*Available data*:
■ ■ ■

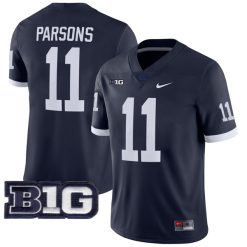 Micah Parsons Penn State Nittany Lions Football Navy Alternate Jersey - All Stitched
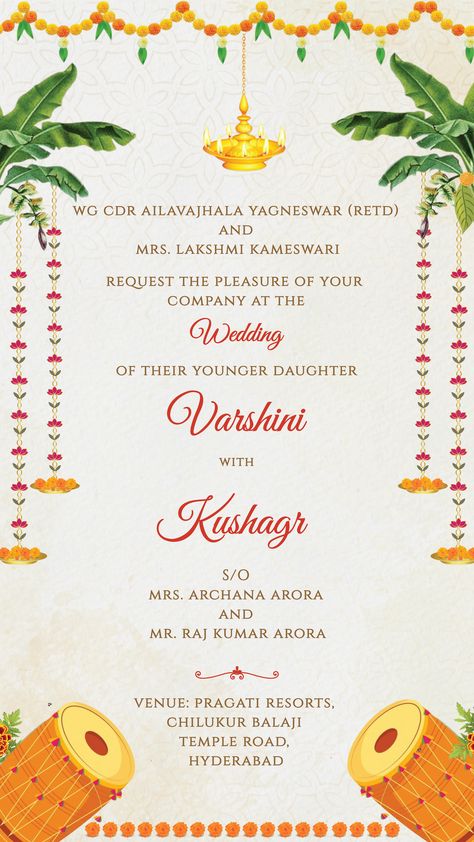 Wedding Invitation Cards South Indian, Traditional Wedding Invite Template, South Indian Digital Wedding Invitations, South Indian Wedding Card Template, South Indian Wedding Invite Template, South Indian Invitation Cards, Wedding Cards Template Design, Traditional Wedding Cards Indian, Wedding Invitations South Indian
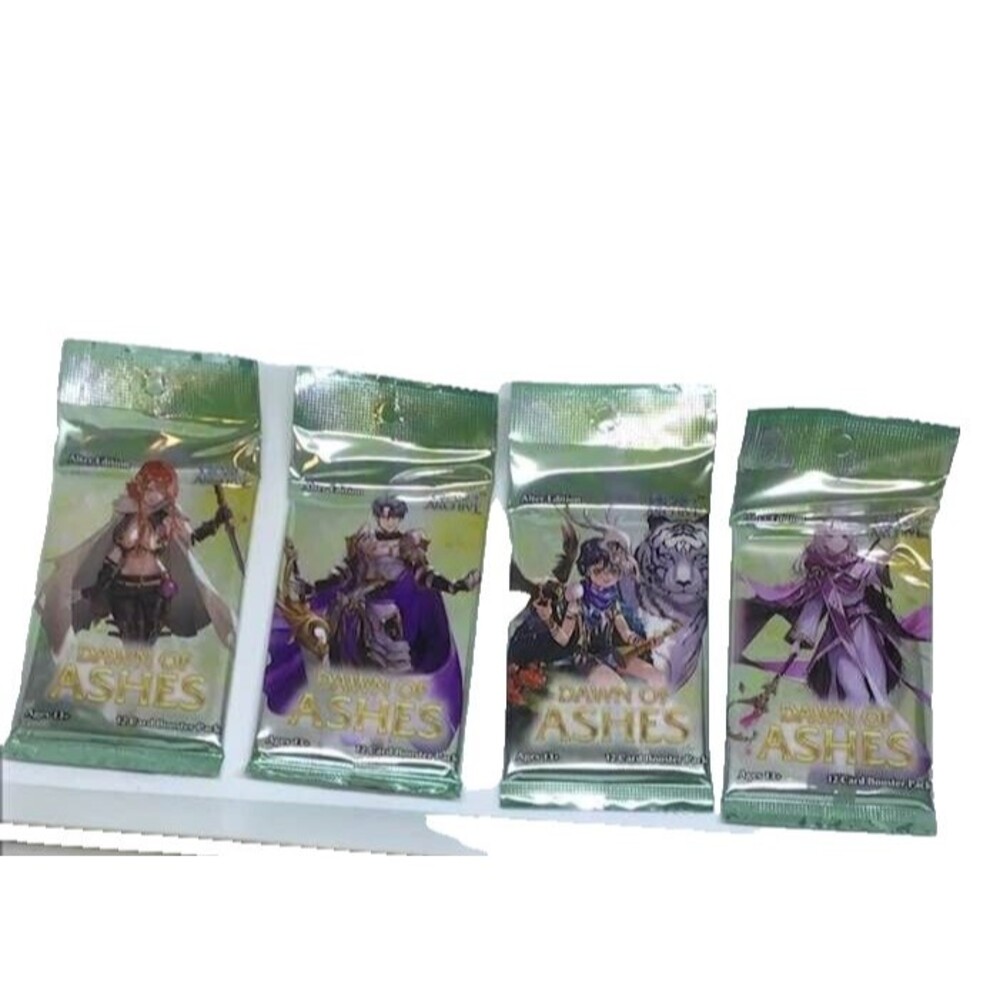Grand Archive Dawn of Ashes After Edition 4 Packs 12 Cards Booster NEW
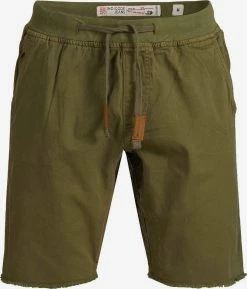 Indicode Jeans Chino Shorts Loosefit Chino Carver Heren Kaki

■ ■ ■

Pictures are to be dropped, and the remaining data set down exactly.

*Answer for the task*:
 Micah Parsons Penn State Nittany Lions Football Navy Alternate Jersey - All Stitched
 Wedding Invitation Cards South Indian, Traditional Wedding Invite Template, South Indian Digital Wedding Invitations, South Indian Wedding Card Template, South Indian Wedding Invite Template, South Indian Invitation Cards, Wedding Cards Template Design, Traditional Wedding Cards Indian, Wedding Invitations South Indian
Grand Archive Dawn of Ashes After Edition 4 Packs 12 Cards Booster NEW
 Indicode Jeans Chino Shorts Loosefit Chino Carver Heren Kaki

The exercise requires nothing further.